Sunday, May 23, 2010

Feels like summer

Driving home from the mall this afternoon, it felt like a summer Sunday in mid-July. The mall was pretty quiet for a weekend and very few people were on the road. The sky was a pure blue and the temperatures on the warm side. But it is only May and who knows what can happen with the weather. The first year I lived in Vermont, 1978, the heat was on on Memorial Day.

Ever optimistic, however, I planted my tomatoes and parsley yesterday in a new, small bed beside the back porch. It looks good, all mulched, and green. The Early Girl tomato plants are fairly mature and have blossoms, which I hope will lead to an early crop. Downtown, at the community garden, I have planted a long row of green bush beans, a couple of small rows of Swiss chard, hills of summer squash and little pumpkins, and a few small-sized sunflowers. I wanted to have just a few flowers to cut. The garden column in the paper says that all this stuff should wait until June, but I just can't! And the weather prediction is for more days like today most of the week so I think I'm safe.
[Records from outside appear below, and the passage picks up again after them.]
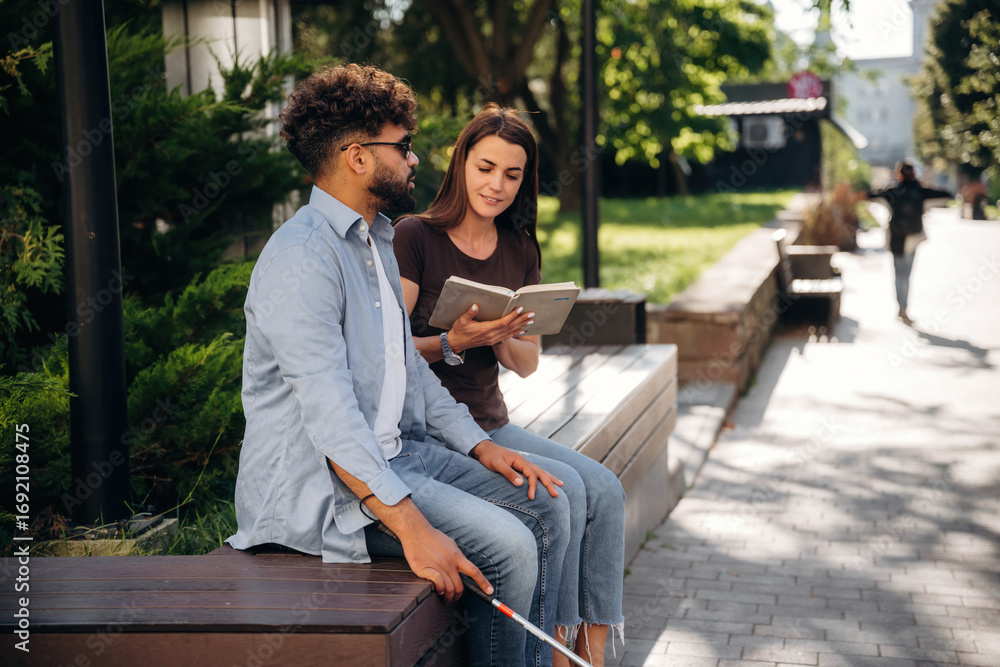 Fototapeta premium Woman is with blind man, sitting outdoors and reading book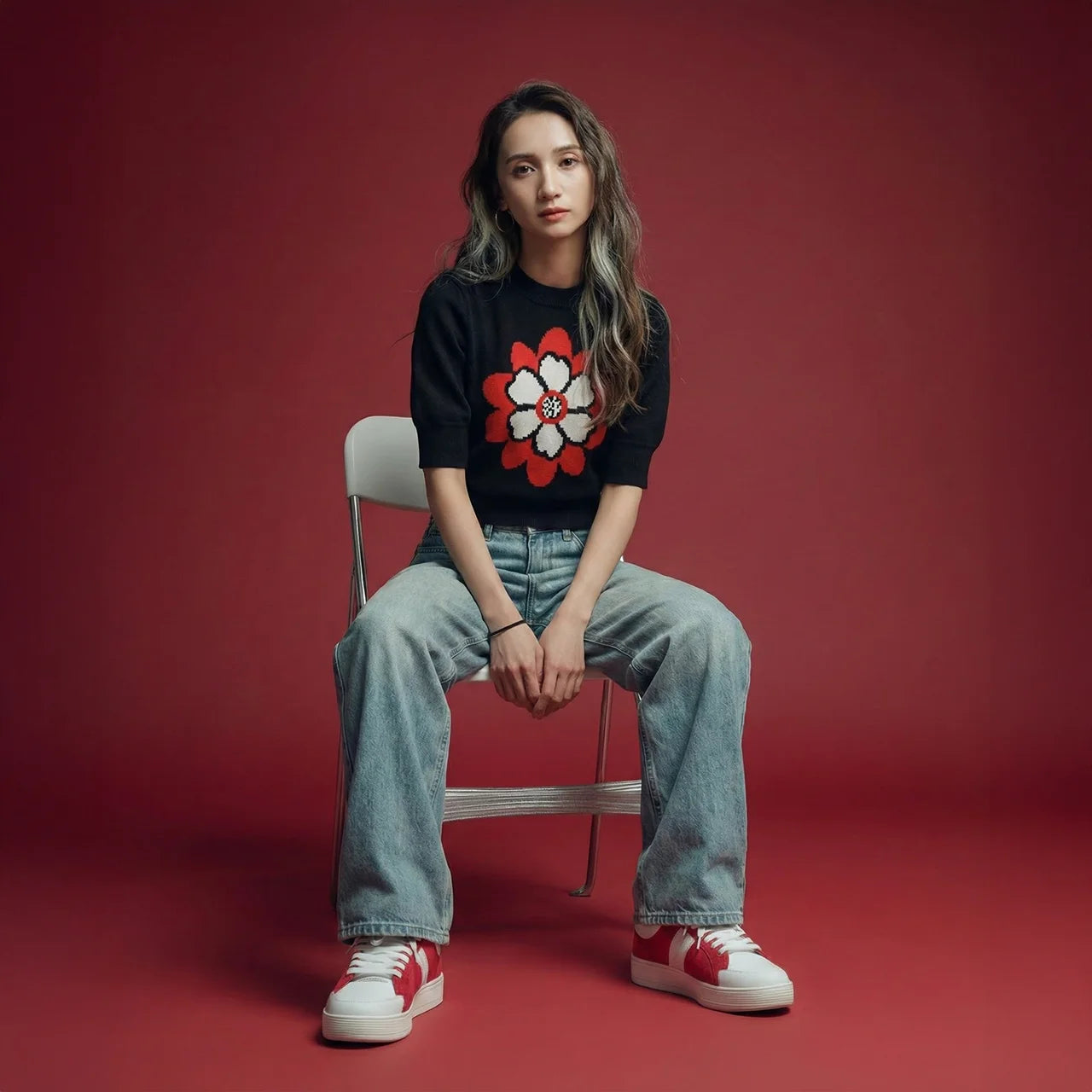 Woman seated on a folding chair against a deep red studio backdrop, wearing a black short-sleeve knit top with a large red and white flower motif, light blue jeans, and red trainers.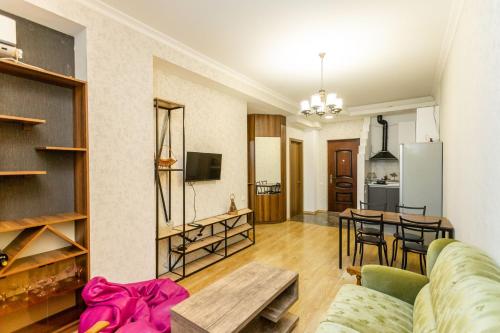 a living room with a couch and a table at Apartment 16 in Tbilisi City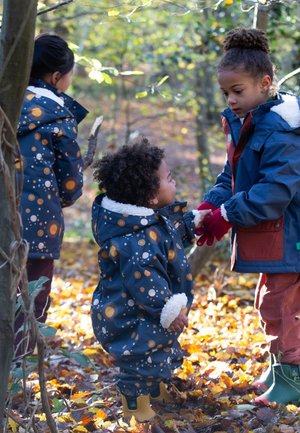 Drei Kinder in bunten Oberbekleidungen erkunden einen Wald. Eines trägt einen navyblauen Mantel mit himmlischen Mustern; die anderen haben unterschiedliche Farben und Texturen.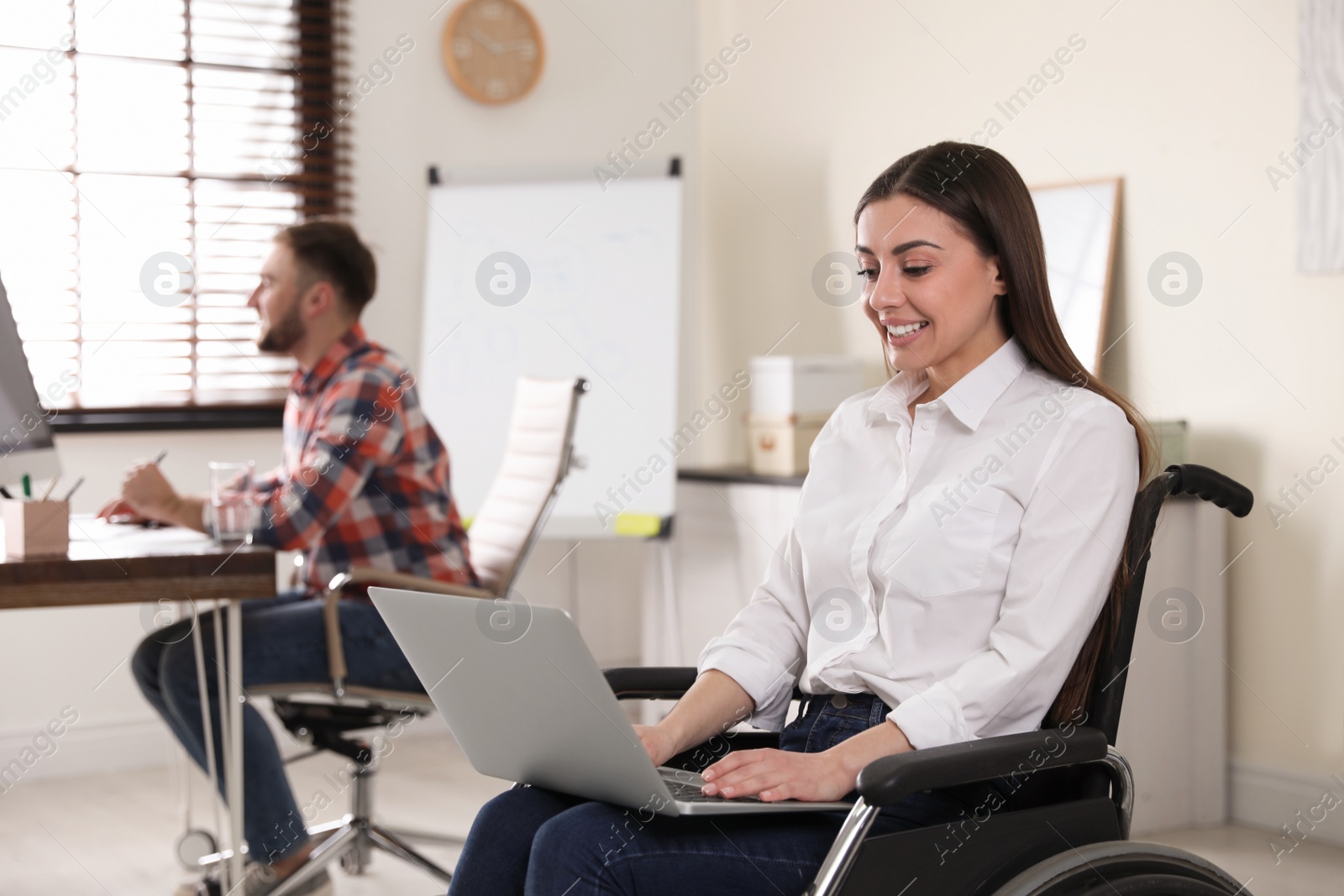 Photo of Portrait of woman in wheelchair with laptop and her colleague at workplace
I started making a special birthday gift for this year's Dear Jane Secret Pal. It's almost all hand-sewn so is good for days like today. I had to go to the mall to get some pink embroidery floss for said project and to pick up my newer Viking machine which was in for its annual check up. Good to have that baby back! I have several quilt tops that need quilting.

Later this afternoon, we'll head down to the library for a friend's book launch and signing. Afterwards, I have a barley salad cooling in the frig for dinner with cold cuts and rolls. Summer food!

Friday, May 21, 2010

Gorgeous weather!

All the leaves are out, the temperatures are in the 70's, and the humidity is thankfully low. This kind of weather is what we brave the miserable winters for! I sat out on the porch earlier with my knitting and expect to do so before dinner, too, with a glass of wine. Ah, spring! Yesterday I dug up my community garden, which is about 3' x 6'. Maybe tomorrow I'll spread some manure and plant. I have also dug a place next to the porch for some tomatoes and parsley, and have some thyme and lettuce in planters outside. This is about a week earlier than "normal" for Vermont, or at least the past when Memorial Day was the time for planting.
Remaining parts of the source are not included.